The camera then takes those images and processes them together with a focus on brightening the image. Google also applies advanced algorithms to manage white balance, because typical "auto white balance" is really tough at night and when using multiple frames. Night Sight uses the same technology from Super Res Zoom shots to intelligently layer the frames to retain crisp edges and details, aiming to reduce blur that's inherent with handheld night shots. And this isn't limited to the rear camera, either — Google lets you take Night Sight photos with the front-facing camera as well, although the improvement isn't so drastic considering the smaller sensor and lack of OIS.
Left: Auto / Right: Night Sight
The result? Notably brighter images than what "auto" can take, while retaining the same style of detail and colors of Google's default shooting mode — and as we know, that's already impressively capable in low light. In most scenes the difference isn't massive, but it's noticeable — particularly in the camera's ability to brighten a scene while further reducing noise, and get the white balance right in dark scenes that typically come out too warm. The improvement with Night Sight over auto is unrecognizable in any scene with even decent lighting, but in incredibly dark scenes the improvement is astounding.
Night Sight is coming to the original Pixel and Pixel 2 as well, though the implementation and execution are different. Because those prior models don't have Super Res Zoom, Night Sight uses the traditional HDR+ frame layering. The original Pixel will also use shorter exposures for each of its frames, because it doesn't have OIS, and may take longer to process because it doesn't have the dedicated Pixel Visual Core. How those limitations will appear in the end photos will have to wait for the full rollout of Night Sight.
What it's like to shoot with Night Sight
Night Sight is designed specifically to be most useful in super-dark scenes, not just "any time after sunset." Think of an unlit alley, a the dim back corner of a bar, a small room at night with a single window — these are the types of scenes that Night Sight is designed for. If there's a decent amount of light, even at "night," there's a good chance just shooting in auto mode will give you the same or better shot.
Night Sight is best used in the darkest conditions, where auto mode just won't work.
But when you do point Night Sight at a dark scene, even one that's too dark for auto focus (you can set focus manually if needed), the results are pretty incredible.

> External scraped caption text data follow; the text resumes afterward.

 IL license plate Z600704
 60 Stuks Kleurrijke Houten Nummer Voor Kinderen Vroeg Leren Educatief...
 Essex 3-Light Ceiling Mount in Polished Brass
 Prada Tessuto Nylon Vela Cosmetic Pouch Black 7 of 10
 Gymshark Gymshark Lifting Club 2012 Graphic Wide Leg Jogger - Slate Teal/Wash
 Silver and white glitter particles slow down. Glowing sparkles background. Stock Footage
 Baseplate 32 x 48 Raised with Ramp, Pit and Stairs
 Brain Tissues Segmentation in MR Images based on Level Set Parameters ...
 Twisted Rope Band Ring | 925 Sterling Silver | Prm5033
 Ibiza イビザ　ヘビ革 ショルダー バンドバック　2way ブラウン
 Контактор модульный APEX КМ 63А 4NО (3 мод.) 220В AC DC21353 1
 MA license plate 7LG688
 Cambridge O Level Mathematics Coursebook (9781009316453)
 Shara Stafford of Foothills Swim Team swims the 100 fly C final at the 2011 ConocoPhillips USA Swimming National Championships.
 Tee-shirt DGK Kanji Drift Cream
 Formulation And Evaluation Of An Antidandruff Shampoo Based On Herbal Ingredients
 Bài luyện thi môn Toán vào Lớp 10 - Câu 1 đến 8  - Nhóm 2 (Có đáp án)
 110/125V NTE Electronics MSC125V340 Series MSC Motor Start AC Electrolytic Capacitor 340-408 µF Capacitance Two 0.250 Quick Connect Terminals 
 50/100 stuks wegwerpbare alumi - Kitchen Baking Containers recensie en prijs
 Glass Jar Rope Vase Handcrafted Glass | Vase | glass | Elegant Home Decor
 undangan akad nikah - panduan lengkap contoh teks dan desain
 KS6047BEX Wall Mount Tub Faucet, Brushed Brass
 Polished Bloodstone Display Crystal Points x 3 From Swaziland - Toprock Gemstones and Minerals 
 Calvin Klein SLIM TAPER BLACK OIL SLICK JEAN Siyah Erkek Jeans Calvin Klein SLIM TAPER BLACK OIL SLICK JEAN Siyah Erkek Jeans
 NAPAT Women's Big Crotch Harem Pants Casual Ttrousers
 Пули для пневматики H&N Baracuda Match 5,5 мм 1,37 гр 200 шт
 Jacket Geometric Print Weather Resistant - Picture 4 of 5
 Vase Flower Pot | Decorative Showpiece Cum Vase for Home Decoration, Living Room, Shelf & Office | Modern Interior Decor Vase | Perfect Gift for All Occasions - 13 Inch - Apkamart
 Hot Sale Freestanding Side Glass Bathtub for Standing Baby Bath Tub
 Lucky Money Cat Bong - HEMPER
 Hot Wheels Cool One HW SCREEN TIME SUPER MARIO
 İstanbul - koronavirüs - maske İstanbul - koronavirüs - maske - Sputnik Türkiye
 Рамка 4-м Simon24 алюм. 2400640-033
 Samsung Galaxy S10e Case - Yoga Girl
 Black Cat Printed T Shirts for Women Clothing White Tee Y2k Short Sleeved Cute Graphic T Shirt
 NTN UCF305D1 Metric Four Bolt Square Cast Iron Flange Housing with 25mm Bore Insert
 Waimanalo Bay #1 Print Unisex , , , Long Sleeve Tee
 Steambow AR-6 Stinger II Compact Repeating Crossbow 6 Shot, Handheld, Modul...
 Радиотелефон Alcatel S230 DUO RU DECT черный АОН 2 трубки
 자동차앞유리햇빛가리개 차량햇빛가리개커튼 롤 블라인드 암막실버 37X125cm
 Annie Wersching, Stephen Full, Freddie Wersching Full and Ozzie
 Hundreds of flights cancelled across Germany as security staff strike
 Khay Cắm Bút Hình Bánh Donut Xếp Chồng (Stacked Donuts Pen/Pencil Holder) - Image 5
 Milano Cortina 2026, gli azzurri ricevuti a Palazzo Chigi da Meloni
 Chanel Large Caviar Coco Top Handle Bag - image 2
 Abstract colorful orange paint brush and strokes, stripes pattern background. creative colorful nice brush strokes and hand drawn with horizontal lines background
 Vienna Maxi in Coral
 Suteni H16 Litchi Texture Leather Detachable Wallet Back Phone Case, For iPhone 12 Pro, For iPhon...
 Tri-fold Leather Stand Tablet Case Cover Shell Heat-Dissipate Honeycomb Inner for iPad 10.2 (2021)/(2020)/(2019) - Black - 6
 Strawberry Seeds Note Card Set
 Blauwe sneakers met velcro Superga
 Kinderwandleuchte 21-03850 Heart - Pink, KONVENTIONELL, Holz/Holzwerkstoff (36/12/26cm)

The Pixel 3 picks up light that your eyes can't perceive, and no other phone can reproduce — all while while retaining the clarity and colors we've come to expect from Pixel low-light photos, plus noticeable noise reduction from processing several low-ISO frames.
Google's research blog says, "Scenes are still colorful at night; we just can't see their colors. We want Night Sight pictures to be colorful - that's part of the super-power." That's one of the most impressive parts of Night Sight: you don't trade all of your HDR-style processing in exchange for more light. Night Sight photos still have an impressive dynamic range and solid colors, even though most of the extra frames are going toward adding brightness rather than contrast.
Night Sight shots still look realistic to the scene, and keep the Pixel's strong colors and clarity.
Unlike a traditional long-exposure photos where everything just gets brighter, Night Sight photos retain the look as though they're taken in the dark — you just get extra brightness and retain the color and feel of the scene. The white balance, too, is surprisingly good. It basically looks like you just took a photo of a scene with perfect movie lighting — the light just comes from everywhere, rather than looking like you ran the image through a photo editing program and just cranked up the exposure. And Night Sight photos keep the typical sharp edges and smoothness of other Pixel photos.
The amount of light you can add, while also reducing noise, is incredible.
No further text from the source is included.